◆ Source material:
________________

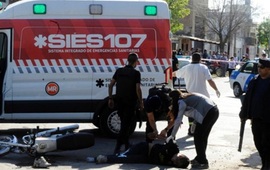 Uno de los ladrones es esposado en la calle estando herido y antes de ser subido a la ambulancia. Foto: Gustavo de los Rios / La Capital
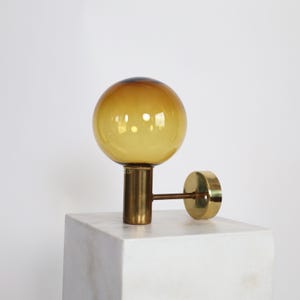 Brass Sconce with a Golden-Brown Glass Shade by Hans Agne Jakobsson | Sweden | 1960s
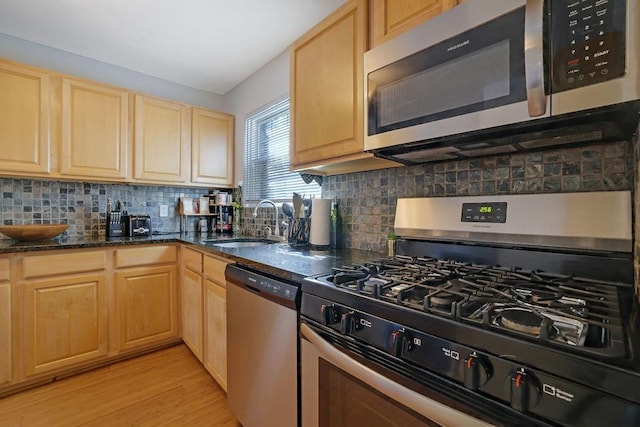 kitchen featuring stainless steel appliances, light brown cabinetry, sink, and dark stone counters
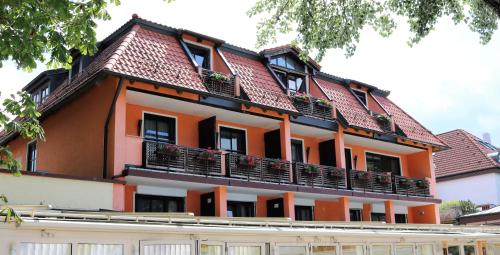 pomarańczowo-biały budynek z dachem w obiekcie Seehotel Pegasus w mieście Herrsching am Ammersee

________________

◆ What the task asks: The whole listing must be transcribed exactly. No pictures belong in the copy.

◆ Solved exercise:
 Uno de los ladrones es esposado en la calle estando herido y antes de ser subido a la ambulancia. Foto: Gustavo de los Rios / La Capital
 Brass Sconce with a Golden-Brown Glass Shade by Hans Agne Jakobsson | Sweden | 1960s
 kitchen featuring stainless steel appliances, light brown cabinetry, sink, and dark stone counters
 pomarańczowo-biały budynek z dachem w obiekcie Seehotel Pegasus w mieście Herrsching am Ammersee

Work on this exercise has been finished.